## TASK TO COMPLETE
Your job is to return the whole listing unchanged while skipping its images.

## SUPPLIED RECORDS
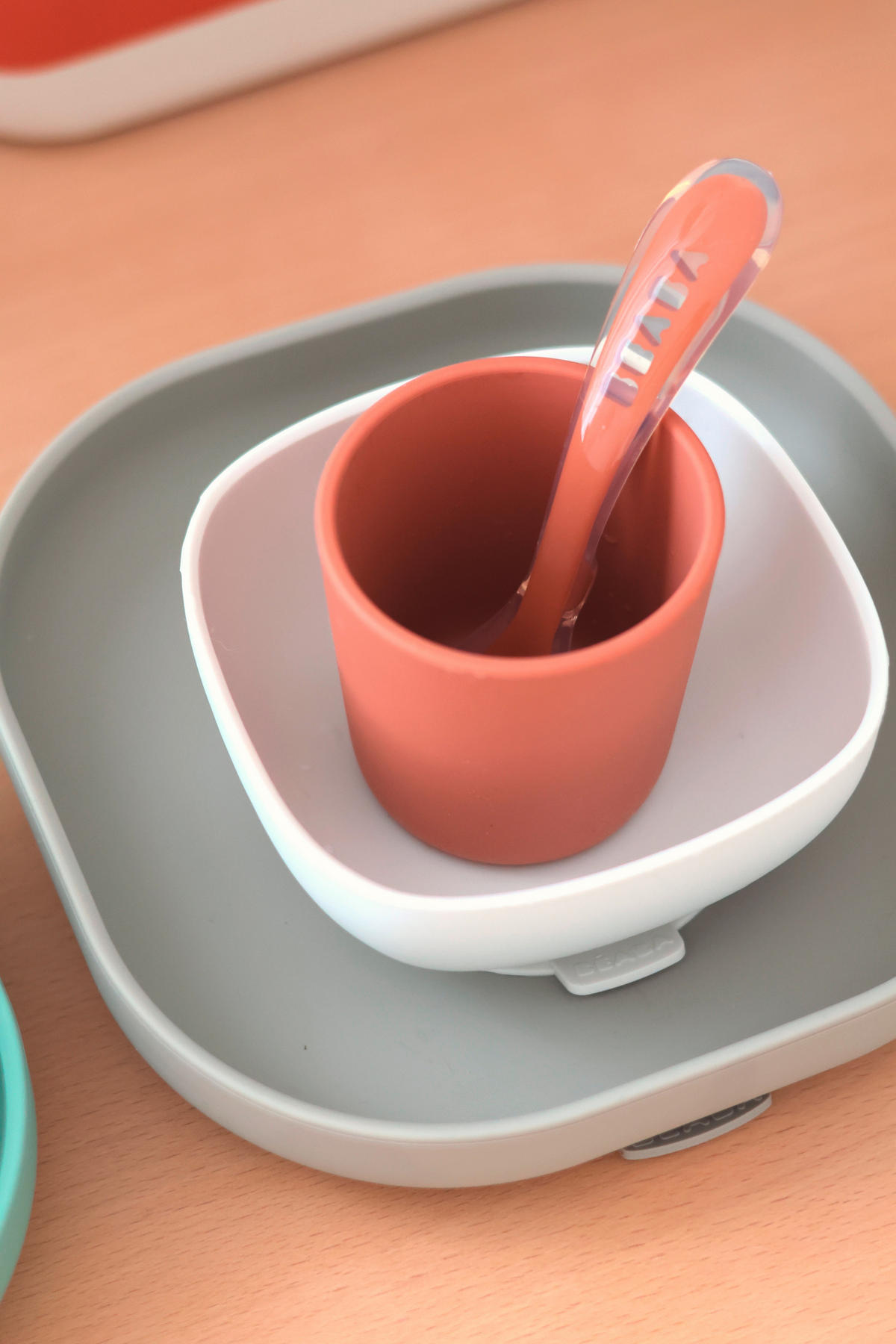 ESSSET  - Terracotta/Weiß, Basics, Kunststoff (18,3/18,3/3,8cm) - Beaba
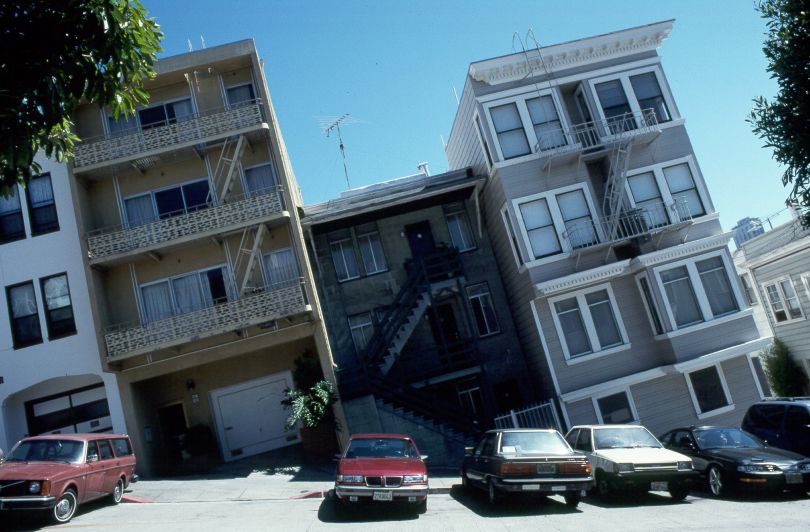 Tilted photograph on a steep street in San Francisco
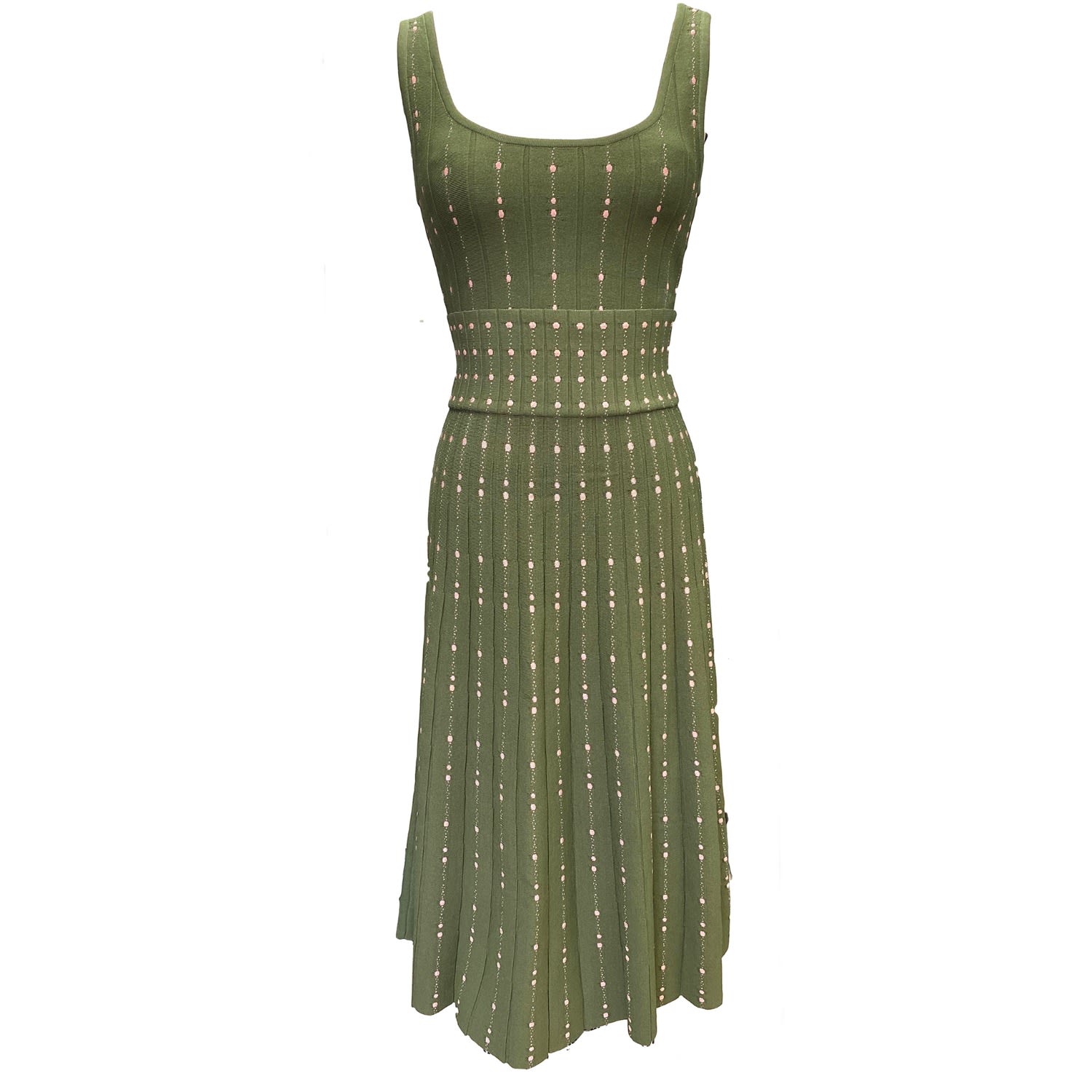 Women’s Green / Rose Gold Patsy Top And Skirt "Dress Set" In Olive Medium Viavai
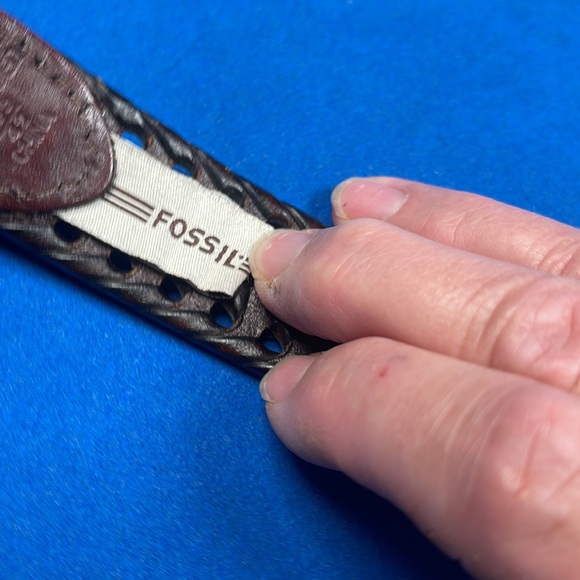 Fossil weather dark brown braided belt - Picture 5 of 5
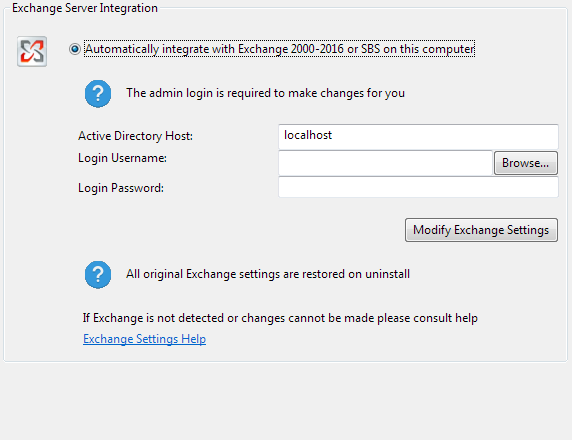 Exchange Integration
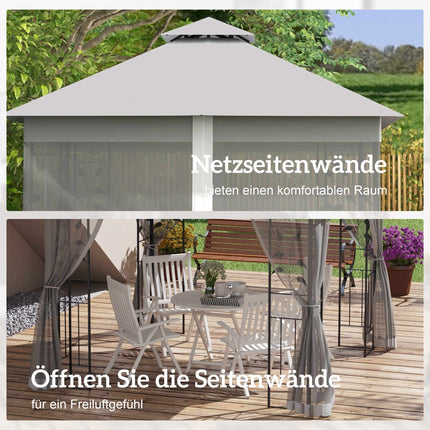 3x3 paviljons ar dubultu jumtu, ūdensizturīgs poliesters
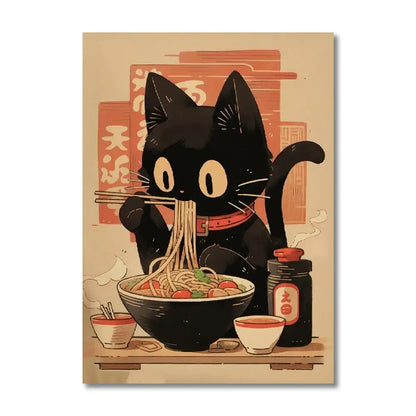 Kawaii japanese ramen cat canvas wall art kitchen decor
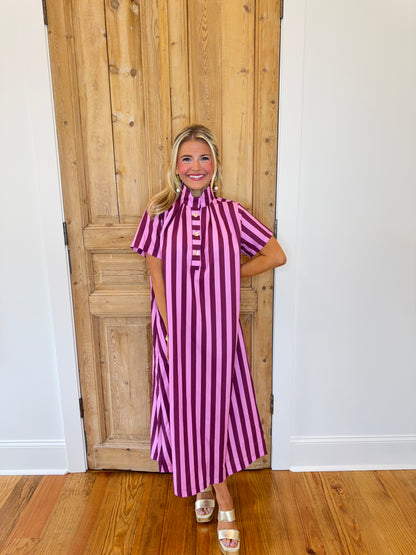Jess Striped Midi Dress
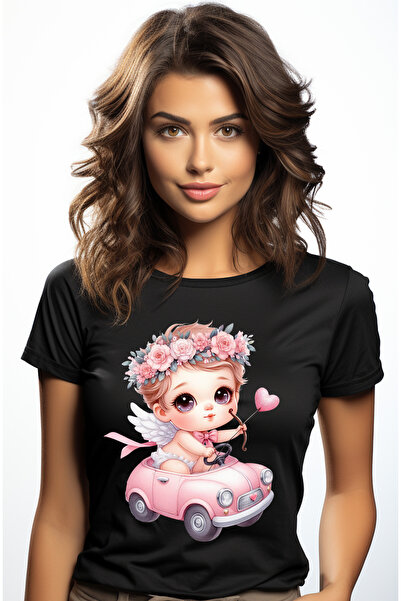 StoryGift Romania Tricou Femei Cu Un Bebelus Cupidon Care Se Plimba Cu O Masinuta, Ilustratie, Arc Blk_m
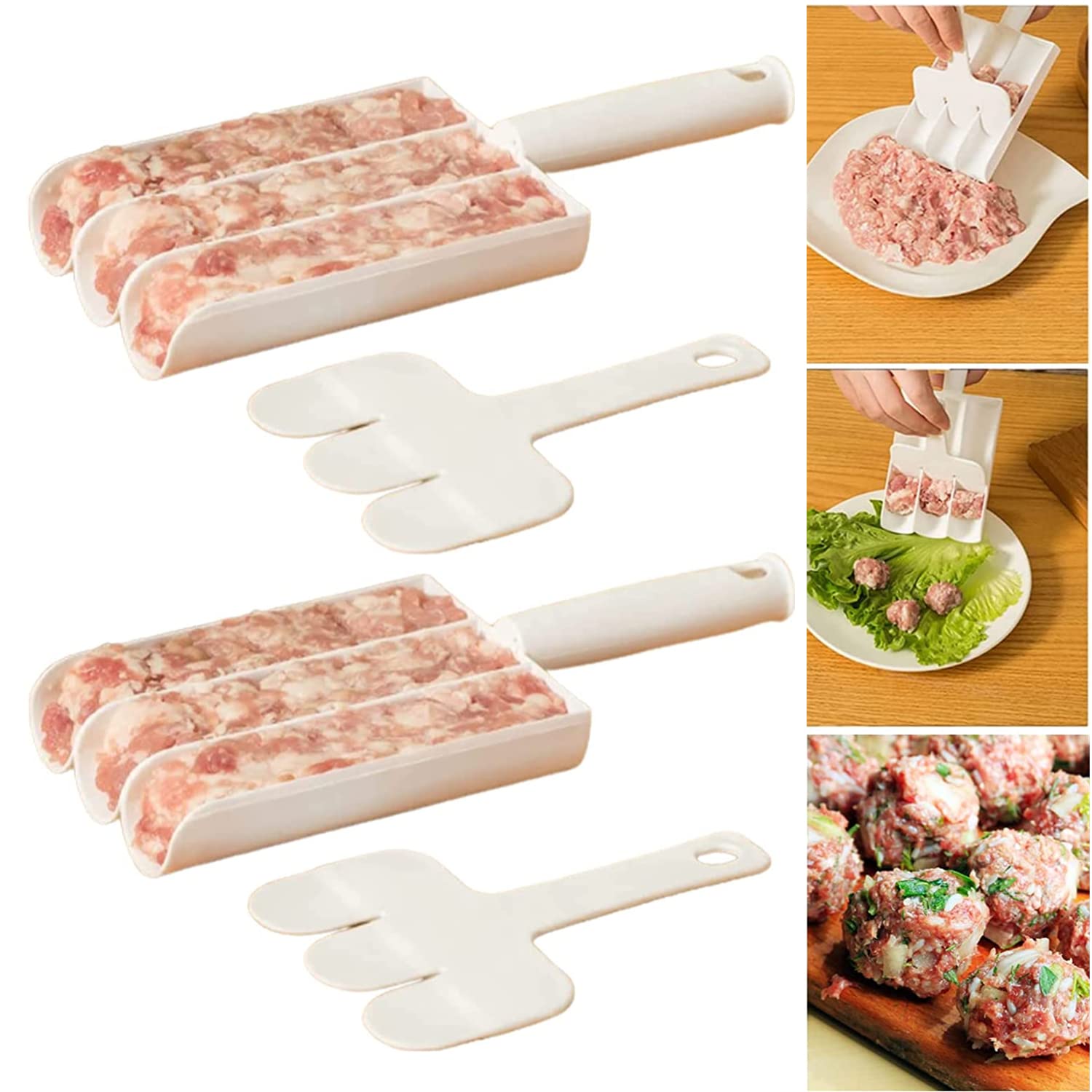 Creative Kitchen Triple Meatball Maker,2023 Meat Baller Spoon with Cutting Spade,DIY Meatball Making Set,Home Cooking Tools for Quick Cooping Cookie Dough Or Sorbet (2 Pcs)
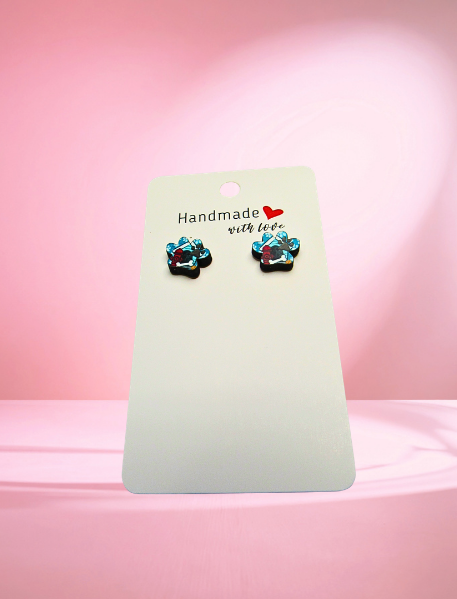 MDF- Paw Print Shaped Sublimated Stud Earrings
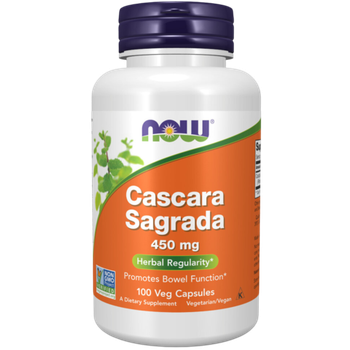 Now Foods Cascara Sagrada 450 mg 100 veg capsules, Экстракт коры крушины, Каскара Саграда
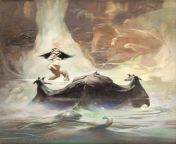 Frank Frazetta - At the Earth’s Core, 1974. Oil on canvas. (1193 x 1633) from 体彩七星球开奖♛㍧☑【免费版jusege9•com】聚色阁☦️㋇☓•1193
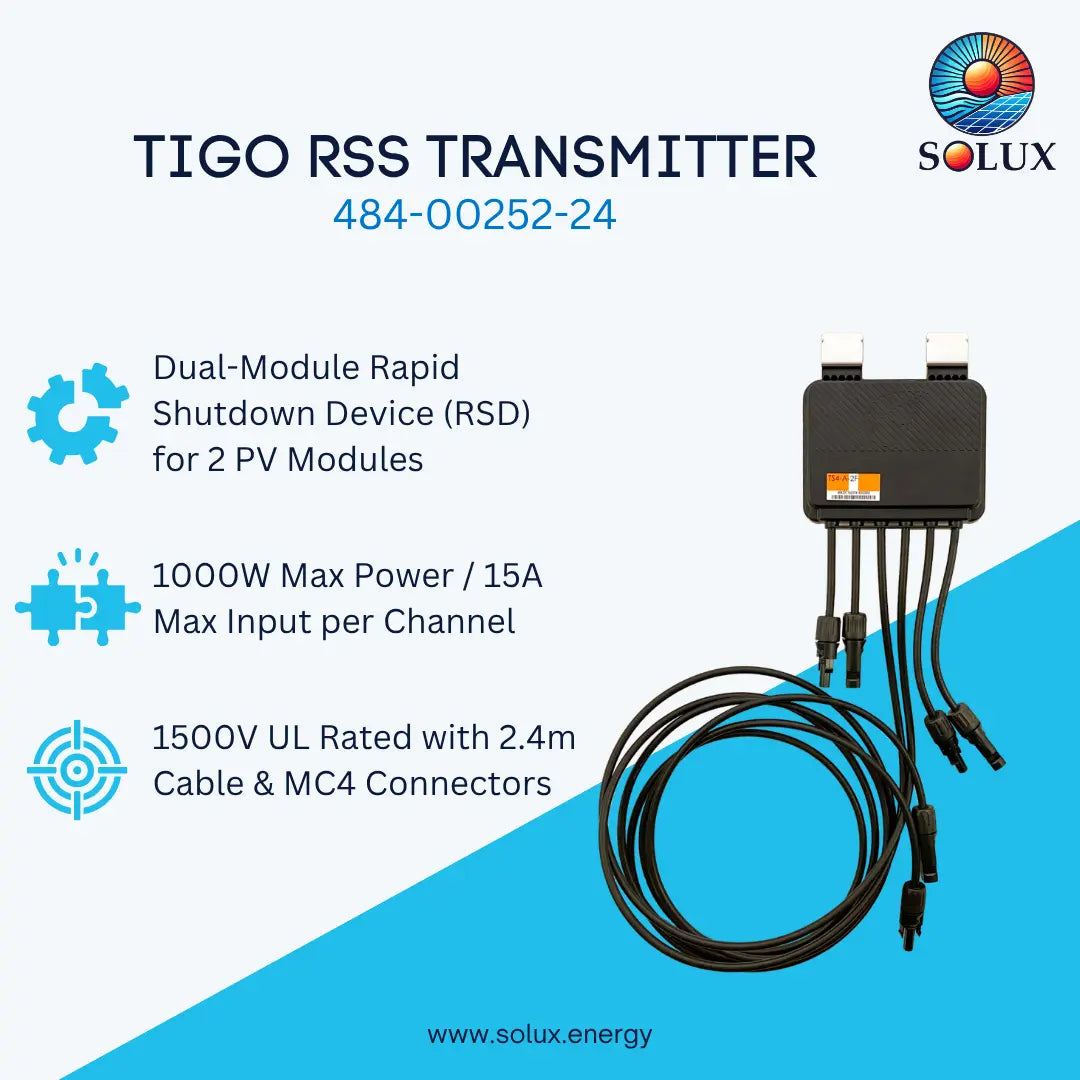 TIGO RSS Transmitter by Solux, model 484-00252-24, featuring a black dual-module rapid shutdown device with attached black cables, shown on a light blue and white background with product specifications and the Solux logo.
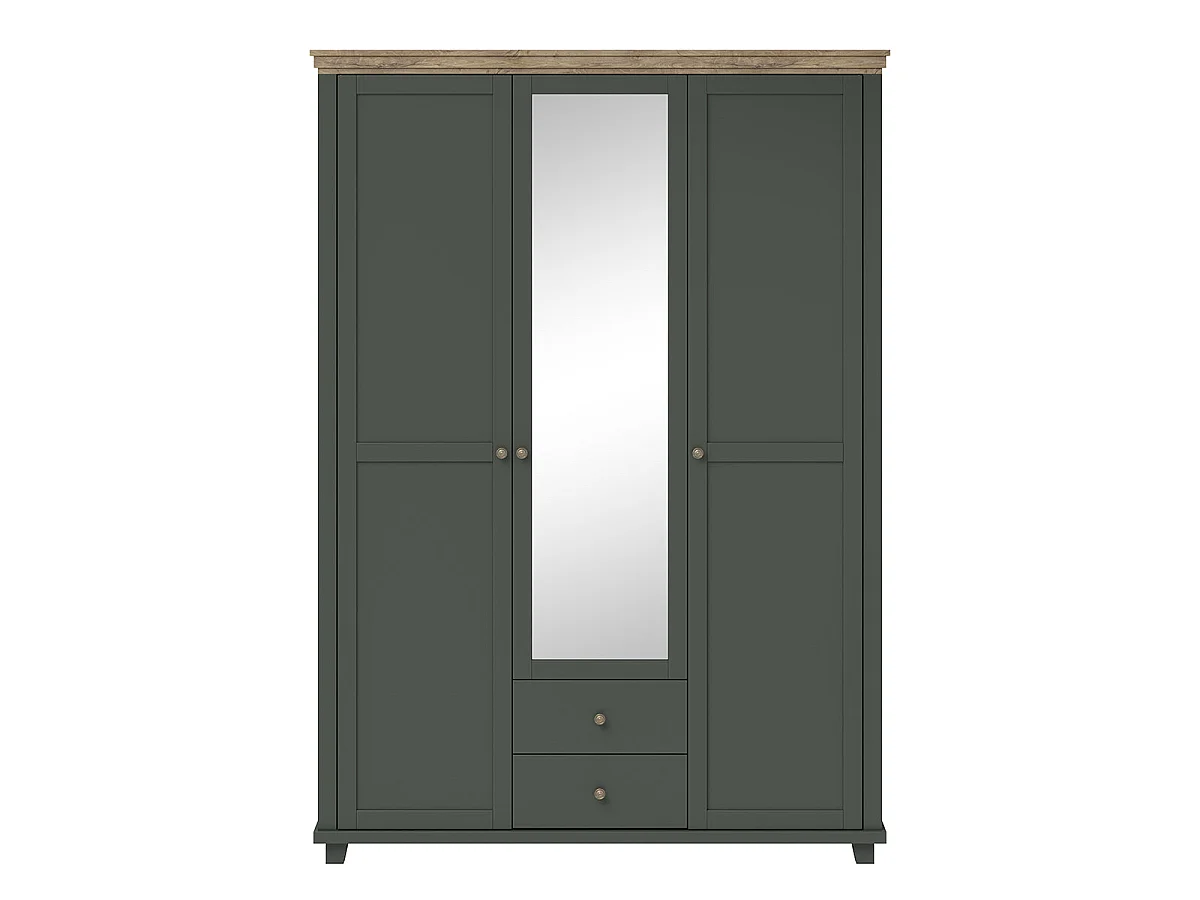 Armoire 3 portes Martin Vert et Bois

## OUTPUT FOR THIS EXERCISE
 ESSSET  - Terracotta/Weiß, Basics, Kunststoff (18,3/18,3/3,8cm) - Beaba
 Tilted photograph on a steep street in San Francisco
 Women’s Green / Rose Gold Patsy Top And Skirt "Dress Set" In Olive Medium Viavai
 Fossil weather dark brown braided belt - Picture 5 of 5
 Exchange Integration
 3x3 paviljons ar dubultu jumtu, ūdensizturīgs poliesters
 Kawaii japanese ramen cat canvas wall art kitchen decor
Jess Striped Midi Dress
 StoryGift Romania Tricou Femei Cu Un Bebelus Cupidon Care Se Plimba Cu O Masinuta, Ilustratie, Arc Blk_m
 Creative Kitchen Triple Meatball Maker,2023 Meat Baller Spoon with Cutting Spade,DIY Meatball Making Set,Home Cooking Tools for Quick Cooping Cookie Dough Or Sorbet (2 Pcs)
 MDF- Paw Print Shaped Sublimated Stud Earrings
 Now Foods Cascara Sagrada 450 mg 100 veg capsules, Экстракт коры крушины, Каскара Саграда
 Frank Frazetta - At the Earth’s Core, 1974. Oil on canvas. (1193 x 1633) from 体彩七星球开奖♛㍧☑【免费版jusege9•com】聚色阁☦️㋇☓•1193
 TIGO RSS Transmitter by Solux, model 484-00252-24, featuring a black dual-module rapid shutdown device with attached black cables, shown on a light blue and white background with product specifications and the Solux logo.
 Armoire 3 portes Martin Vert et Bois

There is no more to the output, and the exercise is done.